Perhaps if your sketch was a bit neater it would be more obvious.

I can't read the mass of the block resting on the wedge.

However if the wedge is resting on the ground and the block is simply resting on the wedge then the pair of them (wedge and block) must exert a combine thrust on the ground equal to the combined mass time g ie (ma + mb)g.
Unless they then start flying, Newton's third law tells us that the ground must therefore exert a reaction equal to this.

1 hour ago, studiot said:

Perhaps if your sketch was a bit neater it would be more obvious.

I can't read the mass of the block resting on the wedge.

However if the wedge is resting on the ground and the block is simply resting on the wedge then the pair of them (wedge and block) must exert a combine thrust on the ground equal to the combined mass time g ie (ma + mb)g.
Unless they then start flying, Newton's third law tells us that the ground must therefore exert a reaction equal to this.

Sorry for the bad handwriting but what if it is accelerating like i have shown in the figure.

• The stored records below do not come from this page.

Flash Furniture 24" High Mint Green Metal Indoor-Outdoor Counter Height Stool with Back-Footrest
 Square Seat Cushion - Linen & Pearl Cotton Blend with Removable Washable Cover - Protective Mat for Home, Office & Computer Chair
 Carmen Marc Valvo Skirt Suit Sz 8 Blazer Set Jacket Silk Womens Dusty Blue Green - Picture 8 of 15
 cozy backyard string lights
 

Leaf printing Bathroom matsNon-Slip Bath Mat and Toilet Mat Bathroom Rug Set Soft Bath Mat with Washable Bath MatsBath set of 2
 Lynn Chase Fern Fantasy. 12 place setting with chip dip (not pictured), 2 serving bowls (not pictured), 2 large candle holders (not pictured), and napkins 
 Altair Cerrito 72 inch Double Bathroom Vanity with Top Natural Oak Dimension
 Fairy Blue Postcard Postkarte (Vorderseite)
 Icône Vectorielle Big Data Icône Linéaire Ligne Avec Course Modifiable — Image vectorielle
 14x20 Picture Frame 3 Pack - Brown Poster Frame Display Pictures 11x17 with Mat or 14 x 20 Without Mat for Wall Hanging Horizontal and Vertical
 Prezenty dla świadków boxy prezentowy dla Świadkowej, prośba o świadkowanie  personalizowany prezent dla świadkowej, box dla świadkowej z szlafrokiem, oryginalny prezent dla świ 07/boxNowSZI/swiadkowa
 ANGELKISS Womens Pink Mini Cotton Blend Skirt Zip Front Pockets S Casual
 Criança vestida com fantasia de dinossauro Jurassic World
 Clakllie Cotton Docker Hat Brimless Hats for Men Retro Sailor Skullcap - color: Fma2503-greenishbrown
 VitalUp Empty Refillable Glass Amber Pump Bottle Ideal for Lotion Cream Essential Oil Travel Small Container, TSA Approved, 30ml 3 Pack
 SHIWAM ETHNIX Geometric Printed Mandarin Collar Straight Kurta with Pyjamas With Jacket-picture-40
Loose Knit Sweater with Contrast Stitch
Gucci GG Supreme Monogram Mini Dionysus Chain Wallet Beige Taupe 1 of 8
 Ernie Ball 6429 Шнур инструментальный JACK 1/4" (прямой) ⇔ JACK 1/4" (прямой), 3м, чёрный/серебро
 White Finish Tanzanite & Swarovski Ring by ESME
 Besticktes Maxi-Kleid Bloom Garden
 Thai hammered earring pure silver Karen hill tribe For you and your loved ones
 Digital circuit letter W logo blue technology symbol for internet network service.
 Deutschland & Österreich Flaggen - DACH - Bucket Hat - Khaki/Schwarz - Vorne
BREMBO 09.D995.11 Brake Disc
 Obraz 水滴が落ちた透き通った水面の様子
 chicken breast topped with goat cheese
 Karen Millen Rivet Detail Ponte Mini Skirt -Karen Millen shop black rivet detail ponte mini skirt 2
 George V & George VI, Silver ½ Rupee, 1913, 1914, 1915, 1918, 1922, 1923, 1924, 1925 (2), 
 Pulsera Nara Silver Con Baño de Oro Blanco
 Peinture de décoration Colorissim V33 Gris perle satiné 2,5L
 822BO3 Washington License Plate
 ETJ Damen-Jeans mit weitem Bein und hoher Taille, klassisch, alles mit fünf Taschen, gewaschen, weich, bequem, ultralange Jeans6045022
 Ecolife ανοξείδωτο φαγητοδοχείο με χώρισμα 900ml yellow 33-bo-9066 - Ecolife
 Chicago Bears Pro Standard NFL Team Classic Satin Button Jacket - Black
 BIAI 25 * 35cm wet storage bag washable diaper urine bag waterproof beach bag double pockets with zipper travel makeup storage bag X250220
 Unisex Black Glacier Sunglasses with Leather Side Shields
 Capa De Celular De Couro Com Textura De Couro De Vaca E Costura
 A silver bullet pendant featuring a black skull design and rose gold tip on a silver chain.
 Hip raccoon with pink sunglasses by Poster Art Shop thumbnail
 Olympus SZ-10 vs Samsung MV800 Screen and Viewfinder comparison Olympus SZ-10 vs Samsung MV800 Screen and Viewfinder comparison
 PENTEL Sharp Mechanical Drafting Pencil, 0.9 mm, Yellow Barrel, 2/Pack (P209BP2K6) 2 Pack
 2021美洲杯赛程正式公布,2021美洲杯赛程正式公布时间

Shouldn't the normal force by the block must have a component in the downward direction such that the wedge and the block both apply a combined "thrust". Will there be any difference in normal force by ground and if so what will it be?

Is the answer {m[block]cos^2(theta)+m[wedge]}g

If there is relative motion between the block and the wedge then you must apply Newton's Laws resolved parallel and perpendicular to the interface.

It is not then an equilibrium question.

Is this homework?

No, the block is fixed. No it's not a homework. I am just curious and confused as well.

Then how is it accelerating?

Because of gravity. The component of gravitational Force along plane i.e gsin(theta)

It can't be both fixed and accelerating.

 

Produce a decent drawing to show what you mean.

Quote

I am sorry i apologise

Ohh i am so sorry i wrote 'block'. Sorry the wedge is fixed

Edited October 5, 20187 yr by Shahroze

10 minutes ago, Shahroze said:

Because of gravity. The component of gravitational Force along plane i.e gsin(theta)

well gsin(theta) is an acceleration so you can apply Newton's second law yes?

No i mean about the Acceleration vertically downward. Checkout the figure

3 minutes ago, Shahroze said:

Fbd of wedge,

Edited October 5, 20187 yr by Shahroze

1 hour ago, studiot said:

If there is relative motion between the block and the wedge then you must apply Newton's Laws resolved parallel and perpendicular to the interface.

It is not then an equilibrium question.

 

 

You tell me that something is moving, so why are you not applying Newton's Laws of motion?

1 minute ago, studiot said:

 

You tell me that something is moving, so why are you not applying Newton's Laws of motion?

Please check the figure i have posted i  have applied Newton's laws.

 

1 hour ago, Shahroze said:

Fbd of wedge,

I don't see them mentioned once.

 

Have you not learned how to lay out your work so that others can follow what you are doing?

 

What have i not mentioned?. I have clearly mentioned all the forces on the wedge and the components. Is it not clear to you?

No it's not clear.

And your diagram is not a free body diagram of the wedge, despite you labelling it as such.

A free body diagram does not include both forces in an N3 pair.

If the wedge is regarded as fixed then it has two N3 pairs or one N3 pair and a moment pair.